Bars, pubs and restaurants are believed to be playing their part in helping to reduce alcohol-related crime, according to new research published today.
The Crime Survey for England and Wales (ONS) shows that all crimes involving alcohol are falling in every region across the country, while
YouGov poll highlights that the partnership between police, members of the public and operators of businesses selling alcohol is contributing to the improved figures.
Violent crime linked to alcohol has fallen by 32% since 2004, and has almost halved since 1995. There has also been a decline in alcohol-related road traffic accidents, down by 44% since 2000.
Responding to the fall in alcohol-related crime, the public cited better town centre management (40%), a society less tolerant of anti-social behaviour (38%) and more effective partnership working between police, local authorities, communities and businesses (31%) as reasons for the drop in figures.

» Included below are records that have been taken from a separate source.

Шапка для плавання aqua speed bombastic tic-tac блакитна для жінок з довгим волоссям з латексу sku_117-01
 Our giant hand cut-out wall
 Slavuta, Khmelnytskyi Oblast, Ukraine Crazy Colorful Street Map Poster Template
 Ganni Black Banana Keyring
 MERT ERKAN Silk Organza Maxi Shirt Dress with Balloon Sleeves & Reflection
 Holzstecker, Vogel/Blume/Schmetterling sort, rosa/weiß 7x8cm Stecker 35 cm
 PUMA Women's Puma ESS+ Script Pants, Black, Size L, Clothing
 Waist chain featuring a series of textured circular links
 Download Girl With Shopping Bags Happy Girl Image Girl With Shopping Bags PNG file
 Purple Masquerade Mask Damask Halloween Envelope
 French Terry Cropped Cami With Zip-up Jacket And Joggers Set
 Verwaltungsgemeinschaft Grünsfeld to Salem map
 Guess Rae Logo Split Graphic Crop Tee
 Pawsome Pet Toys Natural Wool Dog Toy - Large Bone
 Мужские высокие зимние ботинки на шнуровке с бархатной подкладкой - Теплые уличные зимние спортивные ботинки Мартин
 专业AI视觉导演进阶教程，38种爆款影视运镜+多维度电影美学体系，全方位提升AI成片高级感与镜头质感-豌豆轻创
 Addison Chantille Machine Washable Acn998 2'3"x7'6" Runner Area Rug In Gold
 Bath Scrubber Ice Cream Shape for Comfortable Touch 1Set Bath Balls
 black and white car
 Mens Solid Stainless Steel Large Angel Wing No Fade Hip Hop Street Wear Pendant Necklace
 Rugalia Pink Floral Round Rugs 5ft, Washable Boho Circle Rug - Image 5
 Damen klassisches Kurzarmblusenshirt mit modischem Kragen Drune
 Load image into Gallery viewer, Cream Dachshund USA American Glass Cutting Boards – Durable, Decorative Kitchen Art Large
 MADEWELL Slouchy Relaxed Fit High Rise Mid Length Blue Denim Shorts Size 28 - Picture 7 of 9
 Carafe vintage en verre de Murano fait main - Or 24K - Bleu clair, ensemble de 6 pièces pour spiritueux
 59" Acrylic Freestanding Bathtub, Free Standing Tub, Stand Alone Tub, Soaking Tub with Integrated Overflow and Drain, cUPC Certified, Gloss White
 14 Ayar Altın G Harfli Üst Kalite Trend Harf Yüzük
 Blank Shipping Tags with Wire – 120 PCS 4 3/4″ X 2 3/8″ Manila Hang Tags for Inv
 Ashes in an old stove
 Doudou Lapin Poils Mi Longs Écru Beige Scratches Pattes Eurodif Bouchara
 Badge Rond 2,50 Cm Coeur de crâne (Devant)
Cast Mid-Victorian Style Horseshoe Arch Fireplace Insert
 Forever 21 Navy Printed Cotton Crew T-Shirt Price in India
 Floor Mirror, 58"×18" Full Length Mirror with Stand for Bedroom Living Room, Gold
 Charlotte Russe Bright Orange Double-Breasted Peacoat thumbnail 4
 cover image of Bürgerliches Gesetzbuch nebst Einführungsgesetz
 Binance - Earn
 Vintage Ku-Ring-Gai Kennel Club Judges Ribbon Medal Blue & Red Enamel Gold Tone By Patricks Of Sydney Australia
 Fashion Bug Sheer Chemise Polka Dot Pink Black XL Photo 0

The police officers surveyed said better town centre management was the leading reason for the reduction in anti-social behaviour (42%), followed by police, local authorities, communities and businesses working together more effectively (41%) and society becoming less tolerant to anti-social behaviour (34%).
"A steady decline in binge-drinking in the last decade, alongside society becoming less tolerant of anti-social behaviour, better town centre management and partnership working between police, councils and licensed premises is creating safer and more vibrant town centres which is great news for local economies."